Zimbabwe now needs large Investment

September 15, 2008 by Webmaster · Leave a Comment 


Zimbabwe needed a massive and immediate injection of funds from abroad to revive its economy, but how soon investment would begin flowing in would depend on whether investors saw the settlement brokered last week by President Thabo Mbeki as credible, analysts said on Friday.

John Robertson, an independent Zimbabwean economist, estimated that about US$15 billion (R120 billion) was needed to restore the country’s devastated industries as well as its economic infrastructure.

Possible grant donors or providers of concessionary loans are multilateral lending agencies as well as the Southern African Development Community, the EU and the US. But private investment capital will also be essential.

Dianna Games, the chief executive of Africa@Work, estimated that Zimbabwe’s manufacturing sector was operating at between 25 percent and 30 percent of its capacity. She said the country urgently needed to be recapitalised and predicted it could be a target for emerging market funds.

If a credible government were installed, the economy, which had been shrinking for seven years, could start to turn around within a few months and go on to stage a broadbased economic recovery, “led by manufacturing and infrastructural spend”, according to Goolam Ballim, the chief economist at Standard Bank.

However, the damage to the country’s agricultural sector, particularly the beef industry, could take up to 15 years to repair, according to Robertson.

“It takes time to restock herds and reintroduce skills,” he said.

The new government will have to take emergency action to halt inflation. Despite draconian efforts to curb prices, inflation was 52 million percent, Robertson said. The Reserve Bank of Zimbabwe put June inflation at 11.26 million percent.

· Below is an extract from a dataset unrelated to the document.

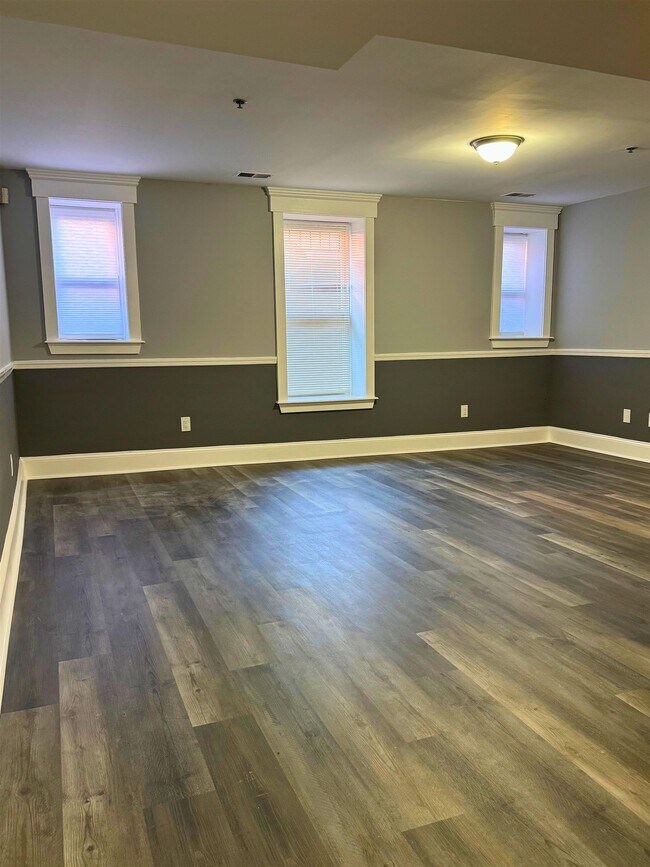 Building Photo - 608 Bramhall Ave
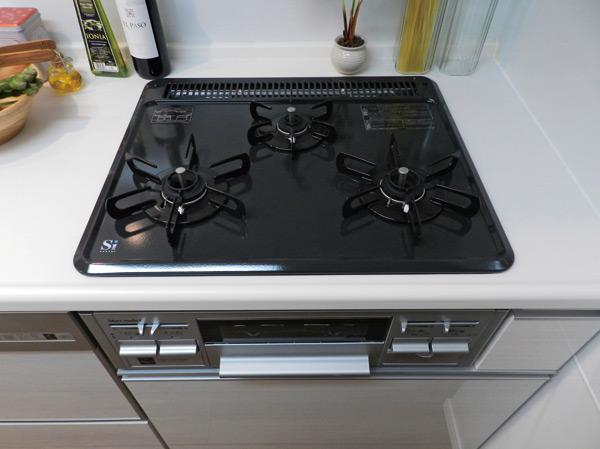 Kitchen.  [Three-necked gas stove] Three-necked + grill type to up the efficiency of the cuisine. "Cooking oil overheating prevention device", Equipped with safety devices such as "forgetting to turn off fire function".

Sean Gammon, an analyst at Imara Asset Management, said: “The depoliticisation of the Reserve Bank of Zimbabwe is vital.” He said the government would have to stop printing money to meet its needs.

While a halt to printing money was the first move towards eliminating hyperinflation, analysts said the government would have to move quickly to restore the country’s productive capacity.

Ballim said the key to a full recovery was a constitution that honoured private property rights, in the broadest sense of the word – “the right to a fair return on capital”.

Zimbabwe’s latest bout of economic troubles was triggered by land invasions that started in February 2000 and displaced commercial farmers, cutting the domestic food supply and depriving the country of its main source of foreign exchange earnings.

The economic decline has accelerated over the past two years, as price controls drove food from the shelves. So the new constitution, which has still to be written, is critical, as are the terms of the agreement to be signed today by Robert Mugabe, who has been president for 28 years, and Morgan Tsvangirai, whose Movement for Democratic
Change won the election.

Ballim said the country still had “robust institutions”, such as the ability to collect revenue to fund expenditure.

Stephen Gelb, the executive director of the Edge Institute, said: “A lot of South African companies have warehoused or written off investments and would be prepared to resuscitate them if the economic climate were to improve.”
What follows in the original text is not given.